Il risveglio da questo sogno a occhi aperti è stato tuttavia brusco. Ancor prima del lancio della marijuana ricreativa, molte delle aziende avevano dimezzato la loro capitalizzazione di Borsa. Gli analisti di Brightfield hanno rivisto al ribasso, da 8 a 5 miliardi di dollari le previsioni sul mercato canadese al 2021: si sono basati sui 200 milioni di dollari di vendite totali registrate tra ottobre e fine anno, un dato che continua a fare a pugni con i 43 miliardi di dollari di capitalizzazione delle prime dieci aziende canadesi, otto volte le previsioni di fatturato a tutto il 2021.
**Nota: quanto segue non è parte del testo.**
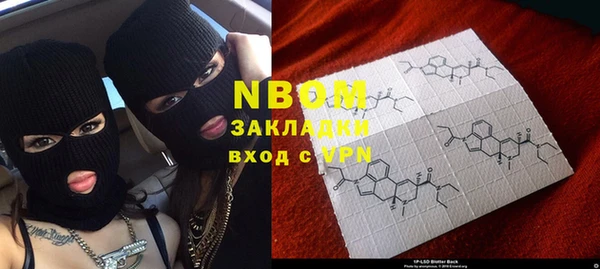 круглые Вяземский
Gli esperti di settore non hanno ancora risolto l’enigma di ciò che farà da vero traino per l’industria. La cannabis per uso medico, con le sue decine di applicazioni possibili, incluso il sostegno farmacologico durante il fine vita, ha logiche divergenti rispetto a quelle della cannabis per uso ricreativo, visto che lo sballo è l’ultima cosa che interessa chi usa la marijuana contro il dolore cronico, per poter «funzionare» nella vita quotidiana, andare al lavoro, occuparsi della famiglia. Resta un problema di sostenibilità economica, visto che per avere i benefici descritti negli studi scientifici servono da 500 a 1.500 microgrammi di Cbd al giorno, per un costo compreso 30 e 80 dollari. Troppo per la maggior parte dei pazienti. Chi punta sull’uso ricreativo come forza trainante, deve fare i conti con l’attuale sistema di regole, rigide al punto da far pensare che il Cannabis Act non abbia portatato a una vera liberalizzazione. Semmai a una specide di «proibizionismo 2.0».